Alaba-Wirbel: Traditionsklub soll Interesse haben
Nach seinem Abschied von Real Madrid befindet sich David Alaba weiterhin auf Vereinssuche. Nun sorgt ein spektakuläres Transfer-Gerücht aus Deutschland für Aufsehen: Der von einer schweren Krise geschüttelte HSV soll sich Medienberichten zufolge gedanklich mit einer Verpflichtung des 34-jährigen Abwehrstars beschäftigen. Nach zwei verheerenden 0:5-Niederlagen in Serie sucht der Traditionsklub händeringend nach Stabilität in der Defensive.
Abwehr-Krise beim HSV: Freie Spieler im Fokus
Die sportliche Situation beim Hamburger SV ist zu Saisonbeginn extrem angespannt. Zwei 0:5-Klatschen in Folge haben die Hintermannschaft der Hanseaten komplett erschüttert. Da das reguläre Transferfenster bereits geschlossen ist, kann der Traditionsklub nur noch auf dem Markt der vereinslosen Profis aktiv werden, um sofortige Verstärkung zu verpflichten.
Wie die Bild-Zeitung berichtet, fällt in den vereinsinternen Gedankenspielen der Name des vierfachen Champions-League-Siegers David Alaba. Neben dem ÖFB-Star wird auch der dänische Innenverteidiger Jannik Vestergaard (34) als möglicher Anker für die wackelnde HSV-Abwehr gehandelt.
Weil das Transferfenster längst dicht ist, kommen für den HSV nur noch vertragslose Spieler infrage.

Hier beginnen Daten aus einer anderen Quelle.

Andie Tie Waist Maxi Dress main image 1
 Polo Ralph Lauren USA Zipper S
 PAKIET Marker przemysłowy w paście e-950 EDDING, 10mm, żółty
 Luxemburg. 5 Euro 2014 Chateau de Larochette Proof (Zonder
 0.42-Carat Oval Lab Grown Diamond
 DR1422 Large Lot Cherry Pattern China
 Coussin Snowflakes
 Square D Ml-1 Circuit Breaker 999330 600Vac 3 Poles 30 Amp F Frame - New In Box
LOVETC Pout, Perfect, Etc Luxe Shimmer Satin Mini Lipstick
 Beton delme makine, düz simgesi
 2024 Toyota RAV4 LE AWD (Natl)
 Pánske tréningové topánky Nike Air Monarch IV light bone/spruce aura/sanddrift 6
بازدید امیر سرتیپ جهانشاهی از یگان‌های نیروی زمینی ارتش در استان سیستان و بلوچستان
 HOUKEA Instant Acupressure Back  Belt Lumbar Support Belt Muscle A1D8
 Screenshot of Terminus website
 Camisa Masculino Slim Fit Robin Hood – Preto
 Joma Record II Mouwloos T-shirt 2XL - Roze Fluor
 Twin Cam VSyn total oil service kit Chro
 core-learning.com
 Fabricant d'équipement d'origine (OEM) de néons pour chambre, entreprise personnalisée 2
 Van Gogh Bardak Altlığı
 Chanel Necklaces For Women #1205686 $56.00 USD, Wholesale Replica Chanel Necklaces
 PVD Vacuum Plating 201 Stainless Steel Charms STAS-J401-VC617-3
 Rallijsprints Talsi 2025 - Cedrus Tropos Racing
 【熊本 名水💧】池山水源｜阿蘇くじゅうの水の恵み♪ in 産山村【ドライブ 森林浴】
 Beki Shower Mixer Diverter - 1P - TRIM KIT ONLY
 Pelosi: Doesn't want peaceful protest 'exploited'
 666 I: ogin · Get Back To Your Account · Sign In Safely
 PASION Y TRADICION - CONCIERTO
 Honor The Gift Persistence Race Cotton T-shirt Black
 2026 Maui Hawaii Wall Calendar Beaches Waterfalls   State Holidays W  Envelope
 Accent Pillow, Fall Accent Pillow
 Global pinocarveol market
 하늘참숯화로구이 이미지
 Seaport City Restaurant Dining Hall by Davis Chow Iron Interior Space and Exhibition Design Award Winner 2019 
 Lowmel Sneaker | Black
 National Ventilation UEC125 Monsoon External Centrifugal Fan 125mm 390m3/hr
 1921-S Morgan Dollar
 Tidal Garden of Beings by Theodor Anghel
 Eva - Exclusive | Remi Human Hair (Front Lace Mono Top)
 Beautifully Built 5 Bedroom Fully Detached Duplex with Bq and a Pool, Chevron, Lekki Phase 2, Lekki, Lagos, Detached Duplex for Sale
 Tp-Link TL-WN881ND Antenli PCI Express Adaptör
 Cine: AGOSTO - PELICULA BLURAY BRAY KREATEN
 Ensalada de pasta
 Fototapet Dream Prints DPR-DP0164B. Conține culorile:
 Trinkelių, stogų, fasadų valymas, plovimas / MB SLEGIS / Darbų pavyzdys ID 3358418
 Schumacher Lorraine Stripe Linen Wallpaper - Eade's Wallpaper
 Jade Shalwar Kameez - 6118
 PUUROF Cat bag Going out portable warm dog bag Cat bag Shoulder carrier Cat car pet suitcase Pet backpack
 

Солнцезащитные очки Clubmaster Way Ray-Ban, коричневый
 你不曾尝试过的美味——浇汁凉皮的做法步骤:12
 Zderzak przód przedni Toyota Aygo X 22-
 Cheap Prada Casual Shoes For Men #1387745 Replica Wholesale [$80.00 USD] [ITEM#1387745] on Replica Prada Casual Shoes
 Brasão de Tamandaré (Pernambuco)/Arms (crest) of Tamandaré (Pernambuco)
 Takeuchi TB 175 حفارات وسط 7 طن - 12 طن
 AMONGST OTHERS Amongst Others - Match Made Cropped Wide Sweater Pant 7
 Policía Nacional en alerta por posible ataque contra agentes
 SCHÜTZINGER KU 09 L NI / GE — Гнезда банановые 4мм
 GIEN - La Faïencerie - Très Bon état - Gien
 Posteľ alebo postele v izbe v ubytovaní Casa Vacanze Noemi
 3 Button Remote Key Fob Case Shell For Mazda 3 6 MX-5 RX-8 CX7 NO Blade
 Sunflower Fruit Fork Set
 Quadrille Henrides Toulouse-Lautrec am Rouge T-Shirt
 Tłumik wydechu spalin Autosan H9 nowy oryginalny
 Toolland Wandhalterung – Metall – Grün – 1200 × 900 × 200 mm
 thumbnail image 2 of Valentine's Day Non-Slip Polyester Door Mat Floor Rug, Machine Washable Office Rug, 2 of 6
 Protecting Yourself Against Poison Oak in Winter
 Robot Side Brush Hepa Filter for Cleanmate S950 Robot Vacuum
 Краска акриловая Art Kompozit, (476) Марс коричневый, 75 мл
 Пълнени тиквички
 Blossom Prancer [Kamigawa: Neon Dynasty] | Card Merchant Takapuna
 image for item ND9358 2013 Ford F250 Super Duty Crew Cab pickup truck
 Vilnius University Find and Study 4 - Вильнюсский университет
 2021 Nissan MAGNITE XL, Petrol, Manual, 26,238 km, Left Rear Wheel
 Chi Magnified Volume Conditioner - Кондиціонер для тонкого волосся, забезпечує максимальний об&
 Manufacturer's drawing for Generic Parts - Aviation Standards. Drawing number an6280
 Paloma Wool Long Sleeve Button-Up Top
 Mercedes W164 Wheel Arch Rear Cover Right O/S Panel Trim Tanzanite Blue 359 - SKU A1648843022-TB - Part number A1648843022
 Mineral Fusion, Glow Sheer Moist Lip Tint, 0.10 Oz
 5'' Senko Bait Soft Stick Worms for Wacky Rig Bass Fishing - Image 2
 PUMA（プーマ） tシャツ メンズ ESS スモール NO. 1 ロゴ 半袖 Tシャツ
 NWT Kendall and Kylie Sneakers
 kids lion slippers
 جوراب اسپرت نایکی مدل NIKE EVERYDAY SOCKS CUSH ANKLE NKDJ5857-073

Genau da käme David Alaba ins Spiel, um die wackeligen Hamburger wieder auf Kurs zu bringen.
Hürden beim Sensations-Transfer: Gehalt und Verletzungen
Obwohl die Spekulationen rund um den Traditionsverein, den einst ÖFB-Legende Ernst Happel zum Europapokal der Landesmeister führte, für Schlagzeilen sorgen, gilt ein Vollzug aus mehreren Gründen als unwahrscheinlich:
- Gehaltsvorstellungen: Die finanziellen Bedingungen eines Weltstars wie Alaba dürften das Budget des Hamburger SV deutlich übersteigen.
- Verletzungshistorie: Der 34-jährige Wiener hatte in den vergangenen Jahren immer wieder mit schweren Verletzungssorgen zu kämpfen und benötigt Zeit zur vollen Belastbarkeit.
- Weitere Interessenten: Zuletzt wurde Alaba mit Lazio Rom in Verbindung gebracht (die Italiener entschieden sich schließlich für Diogo Leite). Zudem kursieren Gerüchte über ein Angebot des mexikanischen Spitzenklubs Club América.
ÖFB-Perspektive: Spielpraxis für das Nationalteam
Für David Alaba persönlich steht bei der Wahl seines neuen Arbeitgebers vor allem die sportliche Perspektive im Vordergrund. ÖFB-Teamchef Ralf Rangnick verzichtete für die anstehenden Spiele in der UEFA Nations League bewusst auf eine Nominierung seines Kapitäns, da dieser mangels Vereins über keinerlei Matchpraxis verfügt.
Ein schnelles Engagement – ob beim HSV oder einem anderen internationalen Klub – wäre für Alaba essenziell, um wieder regelmäßige Spielminuten zu sammeln und seinen Stammplatz im österreichischen Nationalteam im Hinblick auf die kommenden Aufgaben zurückzuerobern.